Oui mais voilà, les enquêteurs en sont convaincus, c’est lui que l’on voit sur cette image de vidéosurveillance captée à proximité de l’hôtel braqué, bedonnant, habillé de blanc, la démarche boitillante. Et peu importe si François n’a jamais boité. Et c’est lui aussi que les policiers ont enregistré à maintes reprises en train de parler par téléphone avec Omar après le braquage, sur une ligne de téléphone qu’ils n’utilisaient qu’entre eux.
Or, Omar, surnommé “le papy braqueur” par la presse, est dans le viseur des enquêteurs depuis plusieurs semaines: il a laissé des traces de son ADN dans la chambre d’hôtel de Kim Kardashian. Un coup qui laisse pantois François.
“Impossible d’imaginer ça! Omar, c’est un gentil, il vit un peu à l’ancienne, pas du tout branché nouvelles technologies, loin de l’univers de Kim Kardashian. Il est un peu comme ces personnages d’avant, qui étaient parfois en dehors de la loi, mais toujours avec bonne humeur. Il n’y avait rien de tragique."
Huit mois en détention provisoire
Lors de son interrogatoire de première comparution, Omar le “papy braqueur” passe aux aveux, mais dédouane son ami François, à qui, dit-il à la juge, il n’a jamais parlé de ce casse. “Il savait que ça aurait fait de moi un complice, même en m’en parlant après le braquage ! Donc il ne m’a jamais rien dit”, explique François. Las, il sera mis en examen comme neuf autres suspects. Direction la prison, où il va passer huit mois en détention provisoire.

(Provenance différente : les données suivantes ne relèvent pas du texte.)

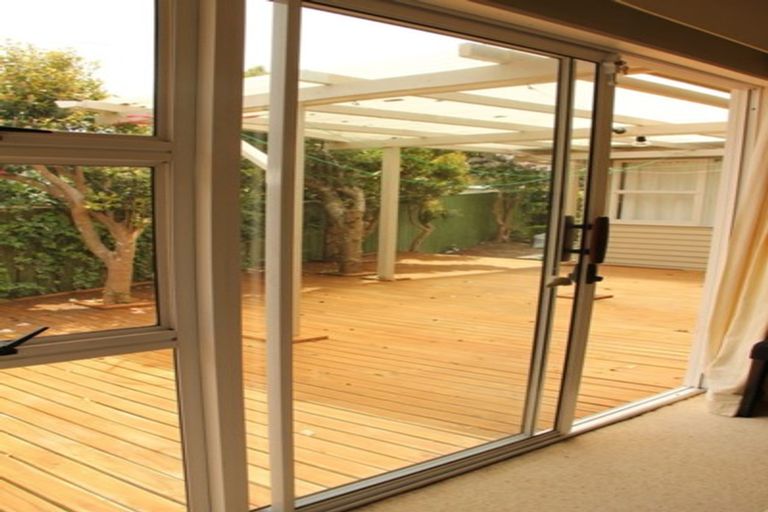 Photo of property in 5 Chudleigh Grove, Churton Park, Wellington, 6037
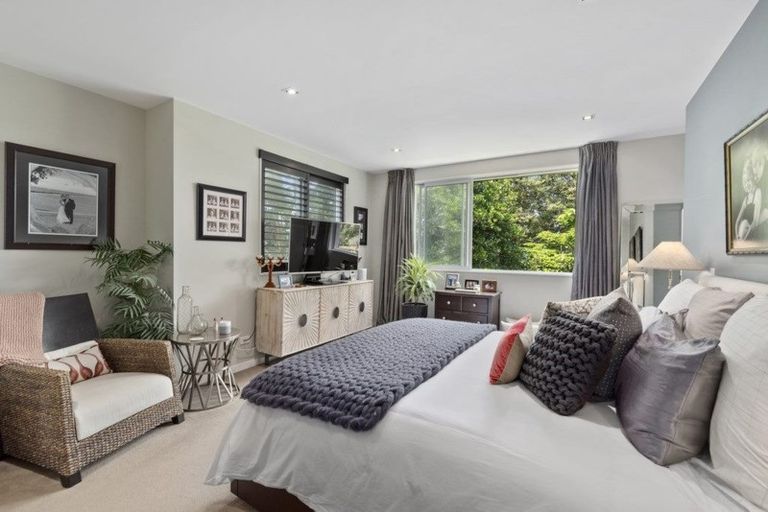 Photo of property in 8 Sylvan Park Avenue, Milford, Auckland, 0620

Huit mois durant lesquels son avocat, Me Abitbol, va s’acharner à le faire sortir, demandant pas moins de 22 actes de procédure supplémentaires à la juge d’instruction. Pendant ce temps, François s’accroche dans sa cellule, échange par courrier avec ses proches, perd vingt kilos -”Ca ne pouvait pas me faire de mal, ça !”-, reste à l’écart des autres détenus. “Je ne peux pas me plaindre, je n’ai pas été ennuyé, même si c’est un monde très violent”. La quatrième demande de remise en liberté sera la bonne. La juge d’instruction accepte de le faire sortir, sans donner d’explication. Toujours mis en examen, François est aujourd'hui sous contrôle judiciaire, et pointe régulièrement dans une gendarmerie près de chez lui. Il a même repris son poste de directeur commercial dans une entreprise normande.
“Mon patron est un gars bien, il m’a toujours cru, et il m’a attendu. Je ne le remercierai jamais assez.”